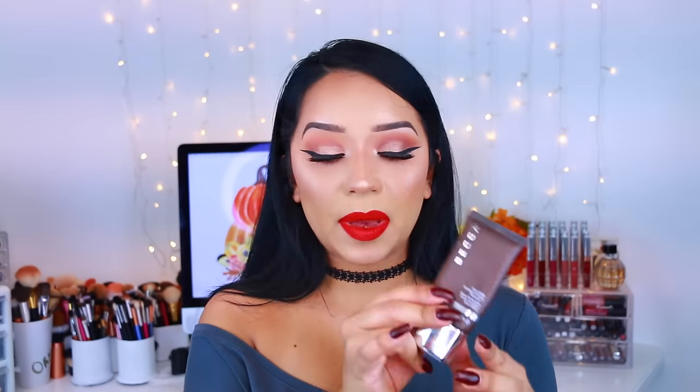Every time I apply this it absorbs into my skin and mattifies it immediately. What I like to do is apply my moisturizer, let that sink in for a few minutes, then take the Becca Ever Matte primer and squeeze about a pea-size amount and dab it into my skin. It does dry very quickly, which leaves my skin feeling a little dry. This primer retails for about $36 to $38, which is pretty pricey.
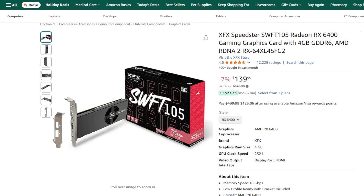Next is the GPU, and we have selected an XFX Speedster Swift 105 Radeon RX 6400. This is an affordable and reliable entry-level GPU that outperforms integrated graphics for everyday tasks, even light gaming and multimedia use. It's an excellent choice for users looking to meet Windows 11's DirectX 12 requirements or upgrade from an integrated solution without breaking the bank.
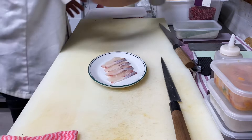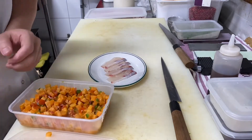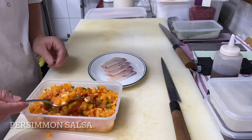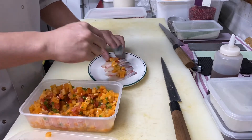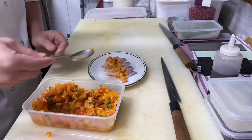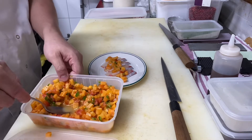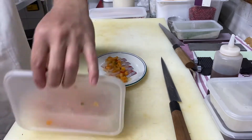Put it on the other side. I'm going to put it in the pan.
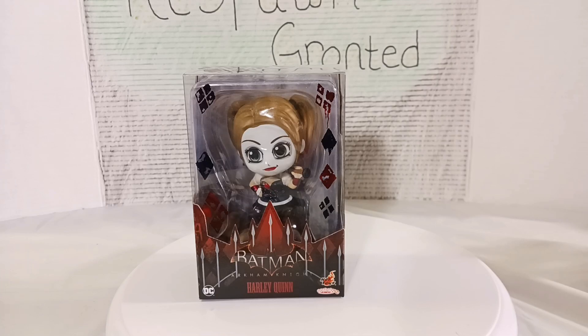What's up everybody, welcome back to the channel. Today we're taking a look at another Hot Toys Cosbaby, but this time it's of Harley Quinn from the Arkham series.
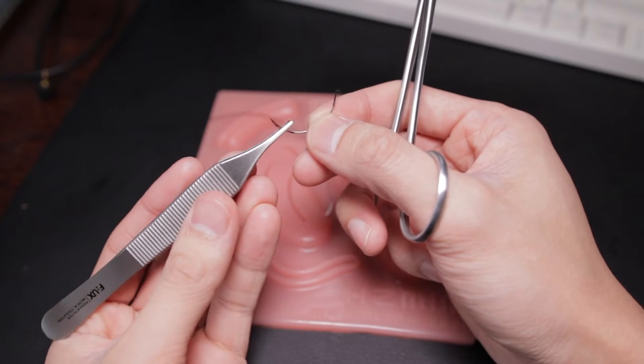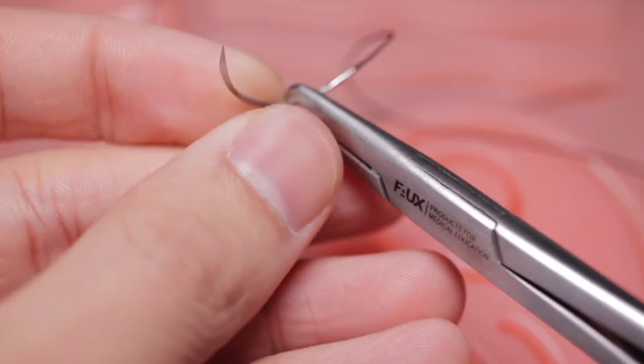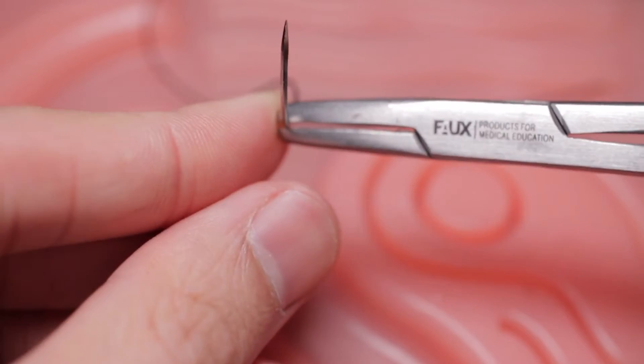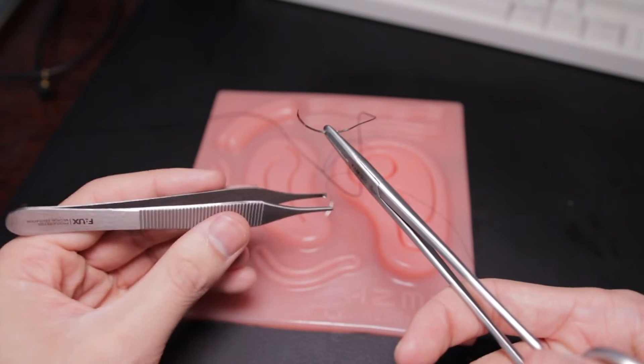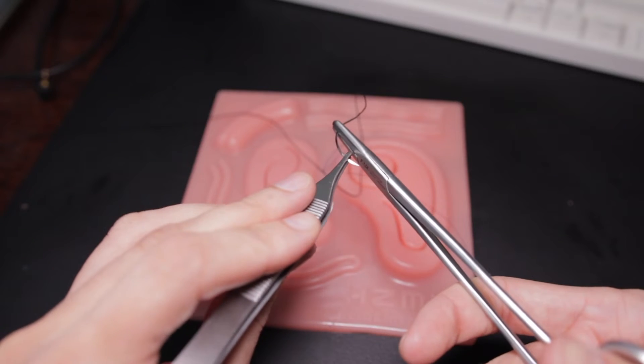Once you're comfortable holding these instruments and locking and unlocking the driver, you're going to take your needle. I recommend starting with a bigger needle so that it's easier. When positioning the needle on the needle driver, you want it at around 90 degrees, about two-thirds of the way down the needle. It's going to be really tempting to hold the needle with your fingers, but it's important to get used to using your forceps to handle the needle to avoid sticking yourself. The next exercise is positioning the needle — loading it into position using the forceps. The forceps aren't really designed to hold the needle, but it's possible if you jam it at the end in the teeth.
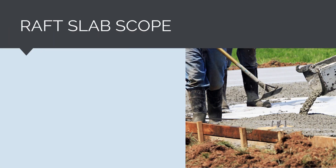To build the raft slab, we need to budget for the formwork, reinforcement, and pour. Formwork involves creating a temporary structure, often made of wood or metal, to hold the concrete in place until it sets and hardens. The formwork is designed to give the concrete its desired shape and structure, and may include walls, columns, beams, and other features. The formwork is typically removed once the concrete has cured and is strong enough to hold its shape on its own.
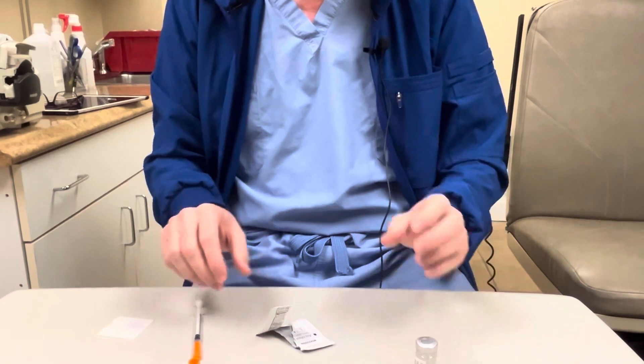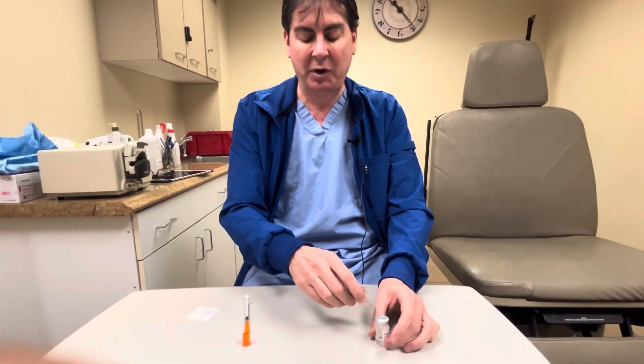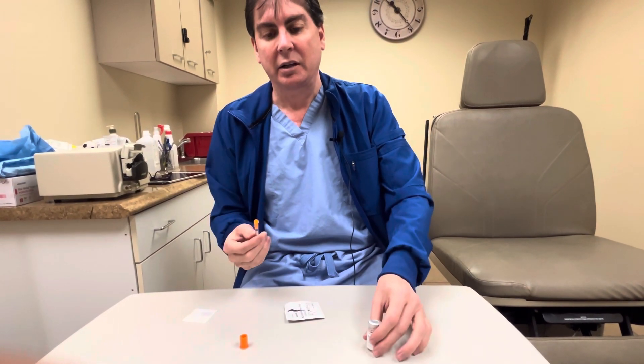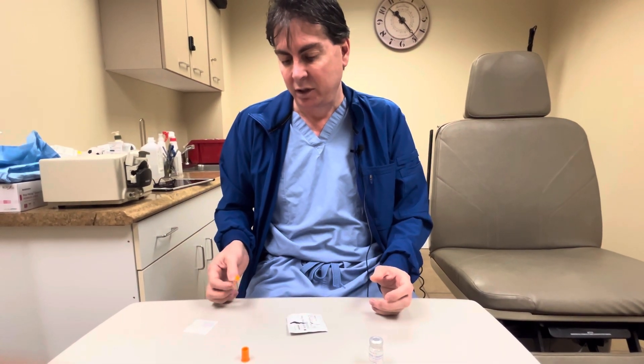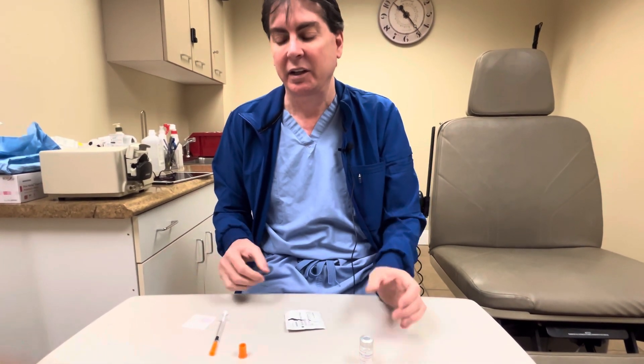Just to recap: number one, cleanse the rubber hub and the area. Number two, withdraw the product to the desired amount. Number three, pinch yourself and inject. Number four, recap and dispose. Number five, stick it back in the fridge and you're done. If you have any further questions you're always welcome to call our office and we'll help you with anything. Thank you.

::::::

• [Task] Please transcribe exactly the lines from the one that contains "To build the" through the closing line of the entries, with no pictures.

• [Response to this task]
To build the raft slab, we need to budget for the formwork, reinforcement, and pour. Formwork involves creating a temporary structure, often made of wood or metal, to hold the concrete in place until it sets and hardens. The formwork is designed to give the concrete its desired shape and structure, and may include walls, columns, beams, and other features. The formwork is typically removed once the concrete has cured and is strong enough to hold its shape on its own.
Just to recap: number one, cleanse the rubber hub and the area. Number two, withdraw the product to the desired amount. Number three, pinch yourself and inject. Number four, recap and dispose. Number five, stick it back in the fridge and you're done. If you have any further questions you're always welcome to call our office and we'll help you with anything. Thank you.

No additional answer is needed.